I think this is a valid critique of the title. Sorting means whatever it means in a specific context (dewey decimal system, post addresses, etc...).
Most languages are context sensitives, but generalized computing is fundamentally defined by a context free language in which a processing transition can execute and not care was previous states were. This gets blurry with recursion and generics and other syntactic sugar, but fundamentally state changes are still defined by the operation and instantaneous state and not the language itself.
So in our context-free language of generalized computers, sorting and ordering are the same.
I can’t really tell what you mean but I suspect that it doesn’t make any sense.
What on Earth do you mean when you say “generalized computing is fundamentally defined by a context free language in which a processing transition can execute and not care was previous states were”?
Perhaps you are just writing context free/sensitive when you mean something different from “the set of words that may be formed by starting with some nonterminal symbol S, following rules of the form A -> xy where A is any nonterminal and x and y are either terminal or nonterminal symbols, repeating until there are no nonterminals left.”
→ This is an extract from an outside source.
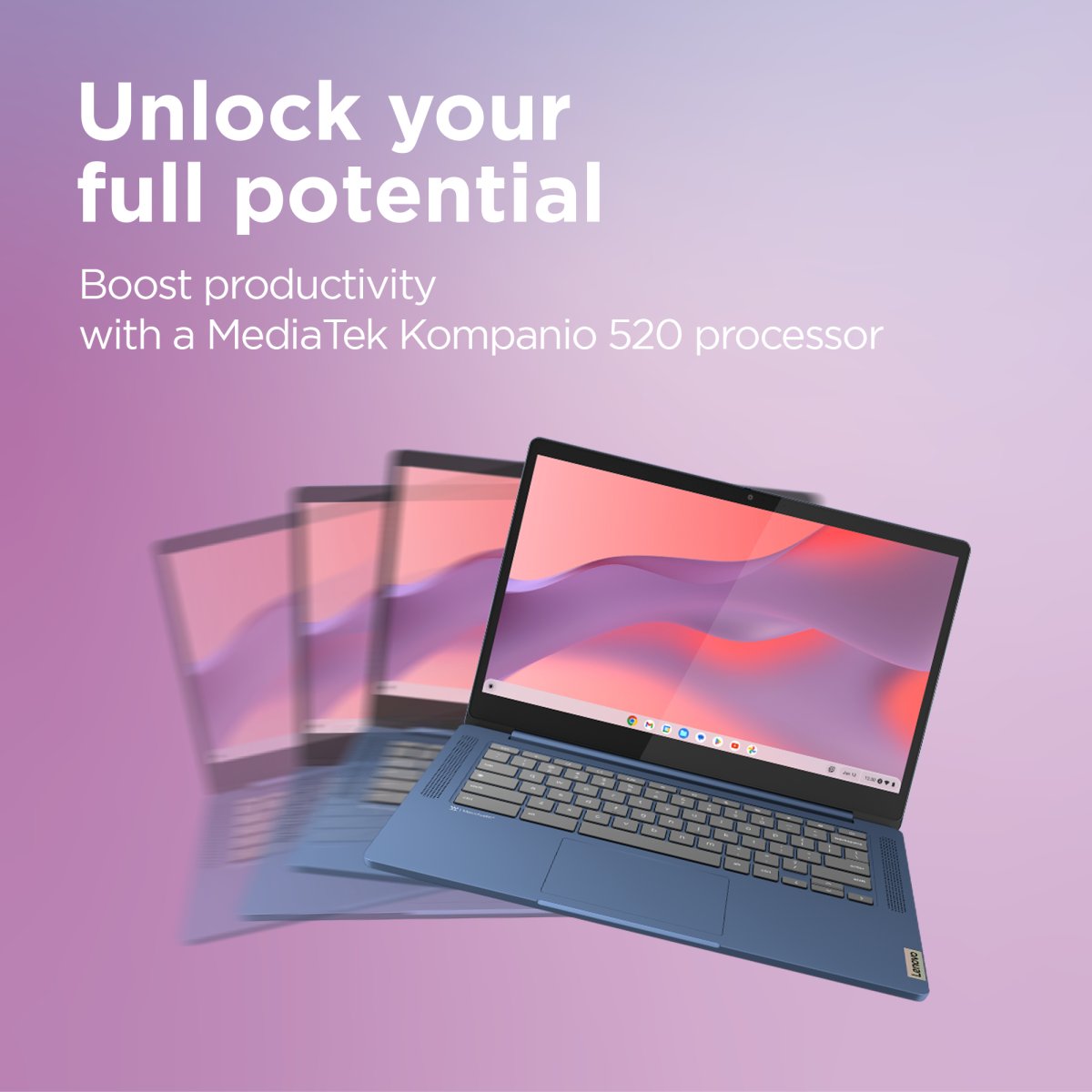 Lenovo IdeaPad Slim 3 14inch FHD MediaTek Kompanio 520 8GB RAM 128GB eMMC Chromebook Abyss Blue - Image 3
If you really mean something about all computations being expressible in a context free language then I suppose I would have to agree but I put it to you that a regular language would be sufficient.
The other thing I can’t understand is what this has to do with either the parent or the article?
Most languages are context sensitives, but generalized computing is fundamentally defined by a context free language in which a processing transition can execute and not care was previous states were. This gets blurry with recursion and generics and other syntactic sugar, but fundamentally state changes are still defined by the operation and instantaneous state and not the language itself.
So in our context-free language of generalized computers, sorting and ordering are the same.